Let me explain my question a little more. I took in a small town parade a few weeks ago. I was there in the capacity of my job as a journalist taking pictures and notes for an upcoming article. I watched high school football players and little Cub Scouts toss jawbreakers and Tootsie Rolls to the crowd lined up along the road.
Living where I do, there was no shock seeing several church sponsored floats file past along with the fire trucks and riders from the local saddle club. All were Christian, mostly Baptist or some other evangelical denomination. Cheerful floats decorated flowers and littered with smiling children filed past, pulled slowly along by pick-up trucks decorated in a similar manner.
Adjusting the zoom for another shot, I caught a glimpse of a man standing on a short trailer while several small children sat on hay bales below a beautifully carved wooden cross. The man standing at the head of the display caused me to put down my camera and look with my own eyes. Could I be seeing this right? He was dressed in battle fatigues, holding a black semi-automatic rifle. A banner on the side of the float said “Going to Battle for what is Right”.
I held my breath and took the shot, thinking that this was the strangest paradox I had seen in a long time. At one end of the small float were small children at the feet of a cross draped in a deep purple cloth. Just a few feet away stood this G.I. Joe for Jesus.

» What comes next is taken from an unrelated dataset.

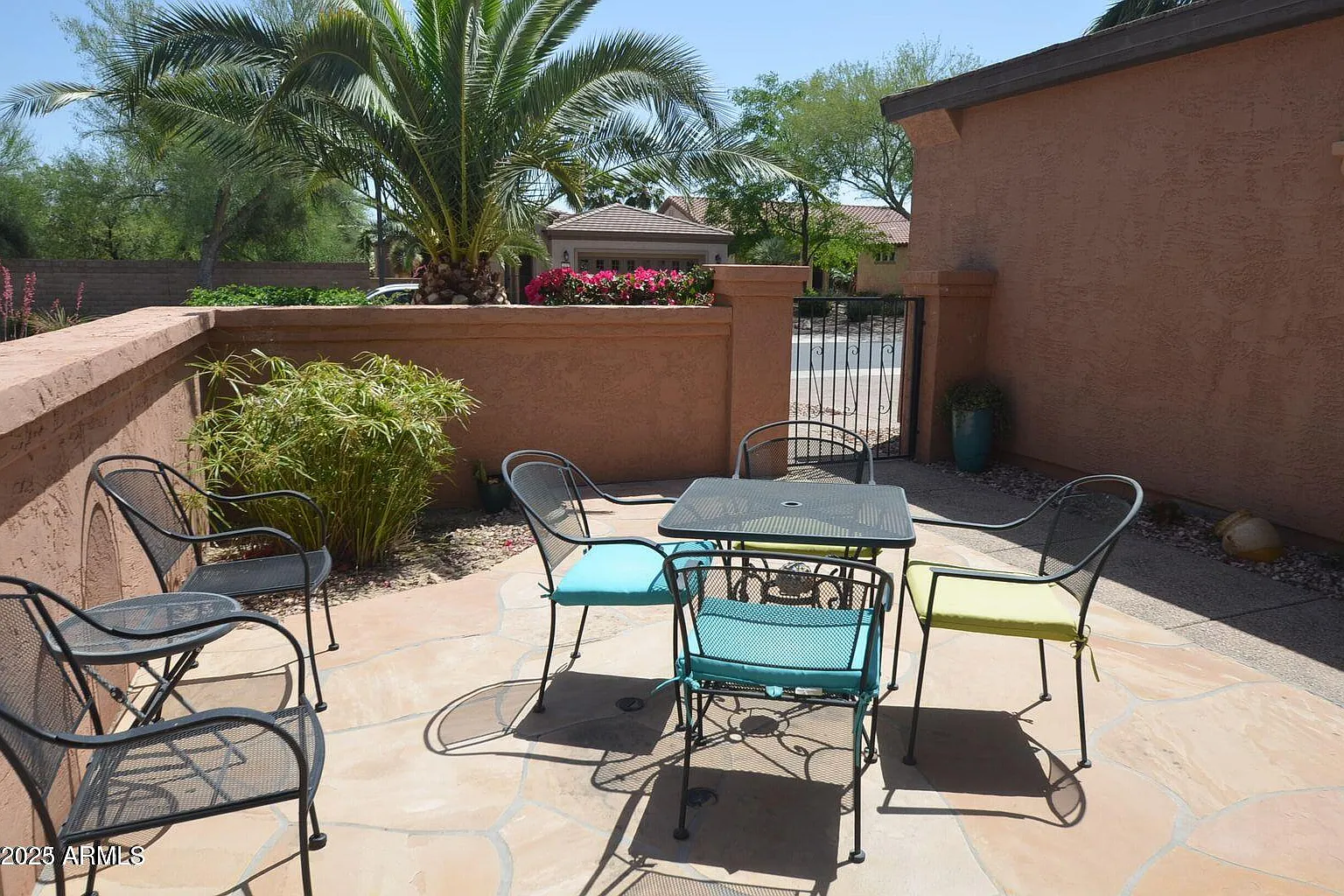 2 bed, 1635 sqft, $2,450 — Photo 2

After the parade I walked through the small fair and watched costumed battle re-enactors lay wreaths on memorial tombstones to honor the soldiers that had fallen in a long ago battle that played out on the very grass where we stood. One soldier stepped forward, recounting the battlefield history, lending due attention casualties suffered by both sides. He spoke articulately about the horrors of war and the need to remember the past in the hopes of letting it die in the history books. He said we remember the fallen and the realities of war in the hope for peace. I closed my eyes in reverence as he asked for moment of silence..
With my eyes closed I thought again of the soldier for God. Why is there such a close kinship between religion and war? The first scene of note in the Book of Mormon involves the violent beheading of a drunken man. The scriptures claim that it is better for one man to fall than for nations to descend into unbelief.
I want to know why. Why is killing and maiming superior to the possibility that an ideology might evolve over time?
Why does one part of the Bible read like a volume of the history of war on the earth, but another extols peace and love, the Golden Rule and turning the other cheek?
How can anyone who was ever touched by The Sermon on the Mount not recoil at the thought of harming another soul in the name of God?
Reflecting on the killing in the world in the name of God in just my own lifetime makes my head spin. Why is it so easy for people to take up arms in the name of the divine, feeling fully justified committing murder in the name of God? If this made sense to me once, it certainly does not now. It doesn’t even come close.
I read Under the Banner of Heaven a few years back. I was completely floored by the easy leap between the Church I loved and lived and the mentality of the Lafferty brothers that gave them enough reason to slit the throat of their tiny infant niece. The scripture they read that gave them the justification for two chilling murders is right there in black and white in the same triple combination that sits on my bookshelf. The same section of the Doctrine and Covenants has inspired many cut throat dissenters from the Church, down to the man who took Elizabeth Smart from her home.
Last week we published a fictional account inspired by the life of a participant of Mountain Meadows Massacre. Thinking of the justifications I have heard from apologists and true believers for the killings sends the same cold shivers down my spine that I felt seeing a man with an AK-47 so close to small children on that parade float.
Reason seems to demand that the more devoted one is to a religion, the more guns, death, war, and killing should repulse them. But the opposite seems to be true. Many of the wars in the history of this planet have begun in the name of religion. Maybe this is one of the reasons why organized religion has ceased to have a place in my life.
The God I believe in is not a sponsor of wars in his name. The God I know is about peace and love for all of mankind. Maybe I am missing something. Maybe the gospel really is violent and my peace loving heart is wicked and black and hard. I guess that’s a chance I am willing to take.
Never again will I march under a banner that so easily mixes a loving God with the sharp point of a sword.